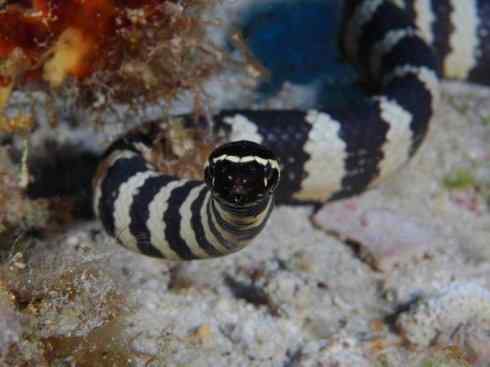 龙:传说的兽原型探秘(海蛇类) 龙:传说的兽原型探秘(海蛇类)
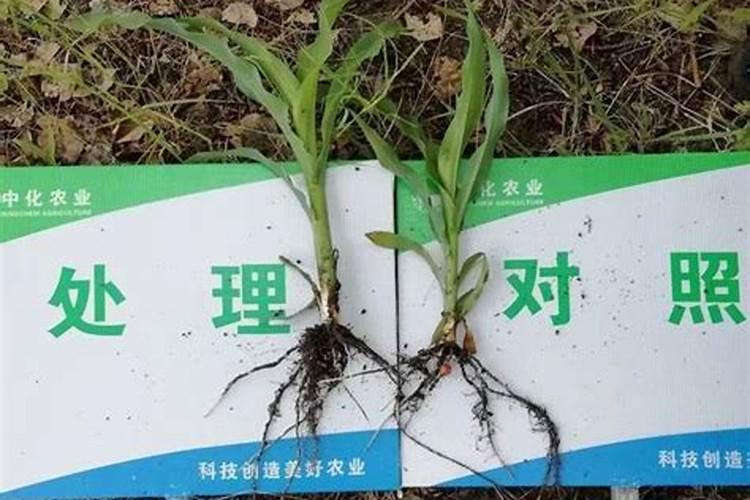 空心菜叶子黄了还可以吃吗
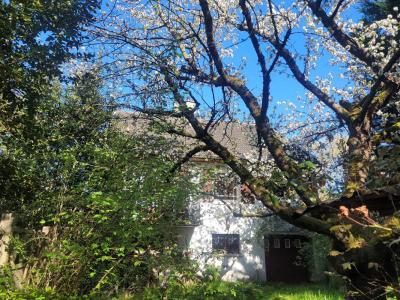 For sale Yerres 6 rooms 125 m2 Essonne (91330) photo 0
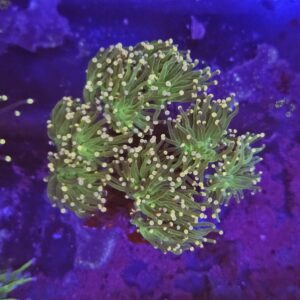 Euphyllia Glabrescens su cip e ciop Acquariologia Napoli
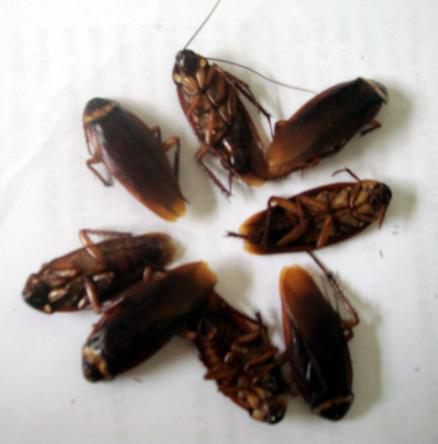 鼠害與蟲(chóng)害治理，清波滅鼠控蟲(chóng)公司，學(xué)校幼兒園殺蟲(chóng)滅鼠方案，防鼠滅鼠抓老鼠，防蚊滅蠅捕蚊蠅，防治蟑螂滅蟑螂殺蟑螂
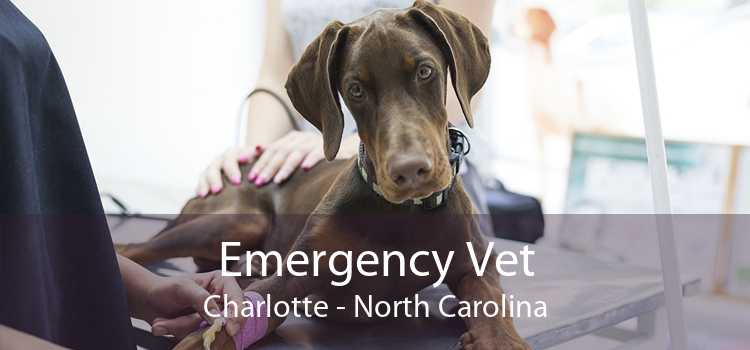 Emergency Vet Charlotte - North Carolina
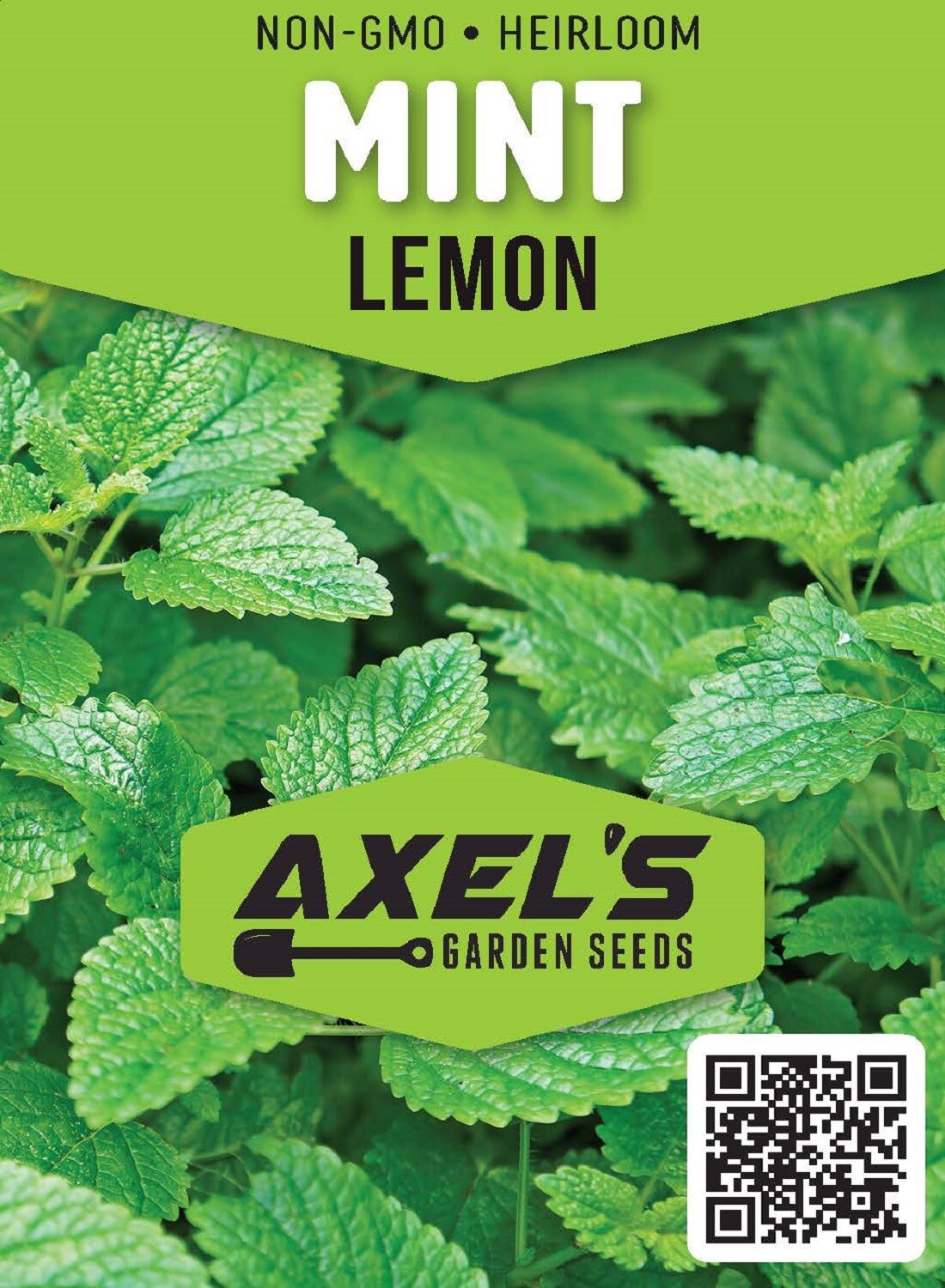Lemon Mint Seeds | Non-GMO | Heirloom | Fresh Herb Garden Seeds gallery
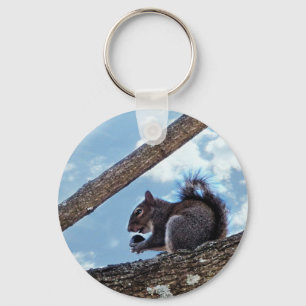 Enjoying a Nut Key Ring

#### [Goal of the exercise]
Aside from the pictures, repeat the listing exactly.

#### [Problem solution]
 龙:传说的兽原型探秘(海蛇类) 龙:传说的兽原型探秘(海蛇类)
 空心菜叶子黄了还可以吃吗
 For sale Yerres 6 rooms 125 m2 Essonne (91330) photo 0
 Euphyllia Glabrescens su cip e ciop Acquariologia Napoli
 鼠害與蟲(chóng)害治理，清波滅鼠控蟲(chóng)公司，學(xué)校幼兒園殺蟲(chóng)滅鼠方案，防鼠滅鼠抓老鼠，防蚊滅蠅捕蚊蠅，防治蟑螂滅蟑螂殺蟑螂
 Emergency Vet Charlotte - North Carolina
Lemon Mint Seeds | Non-GMO | Heirloom | Fresh Herb Garden Seeds gallery
 Enjoying a Nut Key Ring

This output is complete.